Deploy a Production Ready Kubernetes Cluster

Kubernetes Logo

If you have questions, check the documentation at kubespray.io and join us on the kubernetes slack, channel #kubespray. You can get your invite here

  • Can be deployed on AWS, GCE, Azure, OpenStack, vSphere, Equinix Metal (bare metal), Oracle Cloud Infrastructure (Experimental), or Baremetal
  • Highly available cluster
  • Composable (Choice of the network plugin for instance)
  • Supports most popular Linux distributions
  • Continuous integration tests

Quick Start

To deploy the cluster you can use :

Ansible

Usage

Install Ansible according to Ansible installation guide then run the following steps:

# Copy ``inventory/sample`` as ``inventory/mycluster``
cp -rfp inventory/sample inventory/mycluster

# Update Ansible inventory file with inventory builder
declare -a IPS=(10.10.1.3 10.10.1.4 10.10.1.5)
CONFIG_FILE=inventory/mycluster/hosts.yaml python3 contrib/inventory_builder/inventory.py ${IPS[@]}

# Review and change parameters under ``inventory/mycluster/group_vars``
cat inventory/mycluster/group_vars/all/all.yml
cat inventory/mycluster/group_vars/k8s_cluster/k8s-cluster.yml

# Deploy Kubespray with Ansible Playbook - run the playbook as root
# The option `--become` is required, as for example writing SSL keys in /etc/,
# installing packages and interacting with various systemd daemons.
# Without --become the playbook will fail to run!
ansible-playbook -i inventory/mycluster/hosts.yaml  --become --become-user=root cluster.yml

Note: When Ansible is already installed via system packages on the control machine, other python packages installed via sudo pip install -r requirements.txt will go to a different directory tree (e.g. /usr/local/lib/python2.7/dist-packages on Ubuntu) from Ansible's (e.g. /usr/lib/python2.7/dist-packages/ansible still on Ubuntu). As a consequence, ansible-playbook command will fail with:

ERROR! no action detected in task. This often indicates a misspelled module name, or incorrect module path.

probably pointing on a task depending on a module present in requirements.txt.

One way of solving this would be to uninstall the Ansible package and then, to install it via pip but it is not always possible. A workaround consists of setting ANSIBLE_LIBRARY and ANSIBLE_MODULE_UTILS environment variables respectively to the ansible/modules and ansible/module_utils subdirectories of pip packages installation location, which can be found in the Location field of the output of pip show [package] before executing ansible-playbook.

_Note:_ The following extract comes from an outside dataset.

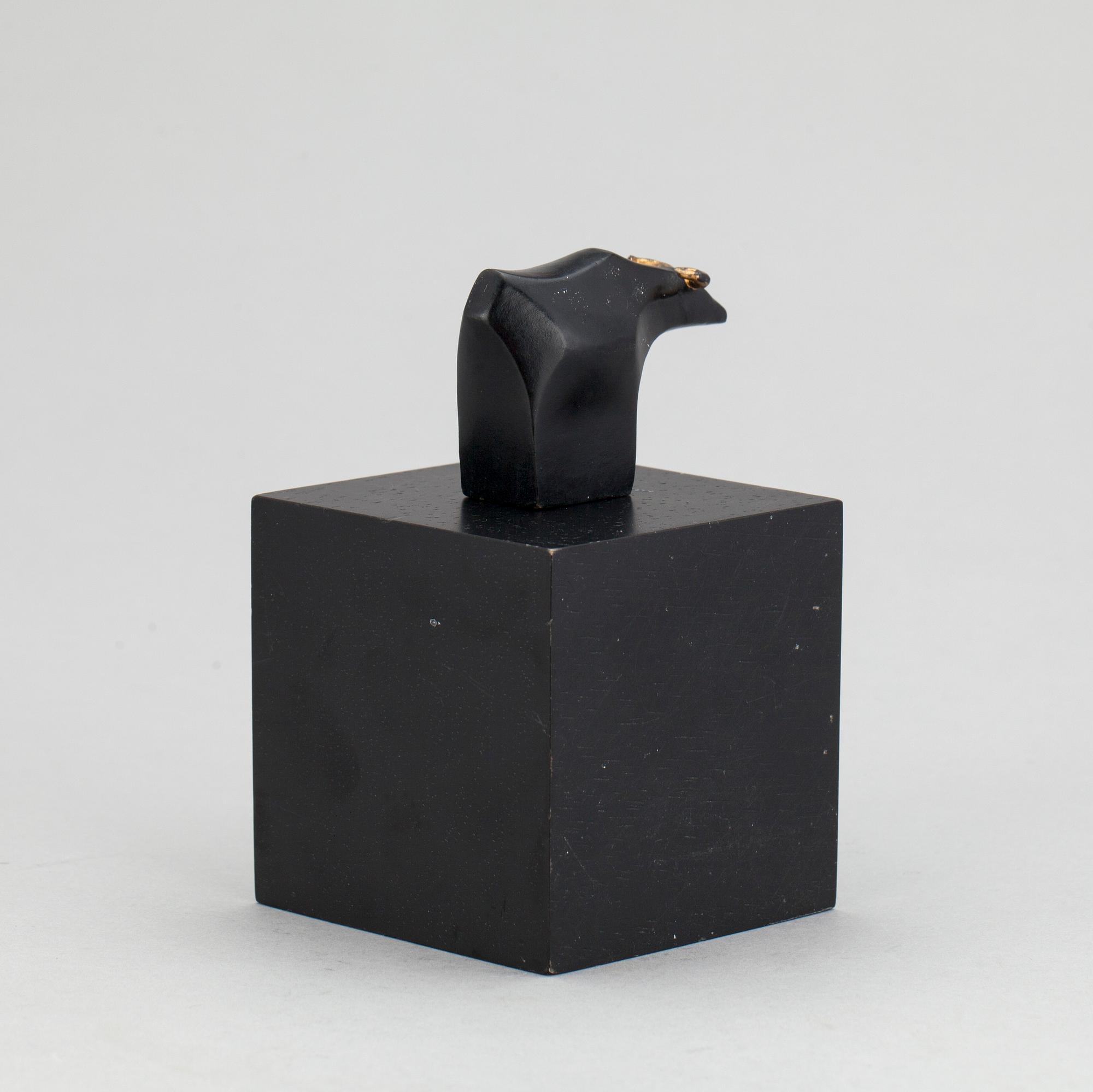 GUNNAR CYRÉN, skulptur, "Vattenbuffel", signerad.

A simple way to ensure you get all the correct version of Ansible is to use the pre-built docker image from Quay. You will then need to use bind mounts to get the inventory and ssh key into the container, like this:

docker pull quay.io/kubespray/kubespray:v2.19.0
docker run --rm -it --mount type=bind,source="$(pwd)"/inventory/sample,dst=/inventory \
  --mount type=bind,source="${HOME}"/.ssh/id_rsa,dst=/root/.ssh/id_rsa \
  quay.io/kubespray/kubespray:v2.19.0 bash
# Inside the container you may now run the kubespray playbooks:
ansible-playbook -i /inventory/inventory.ini --private-key /root/.ssh/id_rsa cluster.yml

Vagrant

For Vagrant we need to install python dependencies for provisioning tasks. Check if Python and pip are installed:

python -V && pip -V

If this returns the version of the software, you're good to go. If not, download and install Python from here https://www.python.org/downloads/source/

Install Ansible according to Ansible installation guide then run the following step:

vagrant up

Documents

Supported Linux Distributions

  • Flatcar Container Linux by Kinvolk
  • Debian Bullseye, Buster, Jessie, Stretch
  • Ubuntu 16.04, 18.04, 20.04
  • CentOS/RHEL 7, 8
  • Fedora 34, 35
  • Fedora CoreOS (see fcos Note)
  • openSUSE Leap 15.x/Tumbleweed
  • Oracle Linux 7, 8
  • Alma Linux 8
  • Rocky Linux 8
  • Amazon Linux 2 (experimental: see amazon linux notes)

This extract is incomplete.